For a network focused on single-family homes, the term McMansion is rarely uttered on HGTV. Here is one example I ran into a few weeks back on My Lottery Dream Home:
On the top left of the image, you can faintly see some of the narration over the image: “Willow Park Way that almost looked like a McMansion.”
Almost a McMansion. The exterior here has some interesting features that might place it in McMansion territory: multiple roof lines, interesting window placement, a large house, in a sprawling Texas community.
Even as the couple did not select this home at the end, it is interesting the term was applied to this home and not the others which also could have been viewed as McMansions. Present a large suburban home with a front meant to impress yet some questionable architectural choices and McMansions may just come to mind.
Why the term McMansion is not used much on HGTV is probably very straight forward: it is not a positive term and does not connote the kind of quality of home the network would like to depict. Whether the McMansion is too large, a teardown, aesthetically unappealing, or connected to sprawl or excessive consumption, few people would likely loudly say they like such a home or live in such a dwelling.

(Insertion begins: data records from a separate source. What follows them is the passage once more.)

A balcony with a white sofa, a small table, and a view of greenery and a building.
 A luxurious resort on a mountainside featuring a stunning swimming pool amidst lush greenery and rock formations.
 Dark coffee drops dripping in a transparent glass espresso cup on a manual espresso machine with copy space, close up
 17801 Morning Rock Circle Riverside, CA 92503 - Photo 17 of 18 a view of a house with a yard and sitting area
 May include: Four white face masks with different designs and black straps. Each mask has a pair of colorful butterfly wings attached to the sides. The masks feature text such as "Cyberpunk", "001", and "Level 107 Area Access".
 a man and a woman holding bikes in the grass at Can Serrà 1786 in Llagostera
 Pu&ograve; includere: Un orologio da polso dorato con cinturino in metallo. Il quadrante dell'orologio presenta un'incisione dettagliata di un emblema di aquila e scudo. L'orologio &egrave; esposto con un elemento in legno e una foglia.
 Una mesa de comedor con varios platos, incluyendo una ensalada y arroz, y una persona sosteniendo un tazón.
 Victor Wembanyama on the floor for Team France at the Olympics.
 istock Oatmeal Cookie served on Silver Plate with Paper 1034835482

At the same time, this episode was set in suburban Texas where housing tastes are different than in more sophisticated markets. In my comparison of the use of the word McMansion in the New York and Dallas regions, there was more openness in Dallas to such homes and what they represent. Surely, some McMansion dwellers and afficionados watch HGTV and they might be in markets where McMansions are not so disliked.
I will keep checking for more mentions of McMansions on HGTV. As I do, I am much more likely to hear terms like mid-century modern or country farmhouse much more than the term McMansion.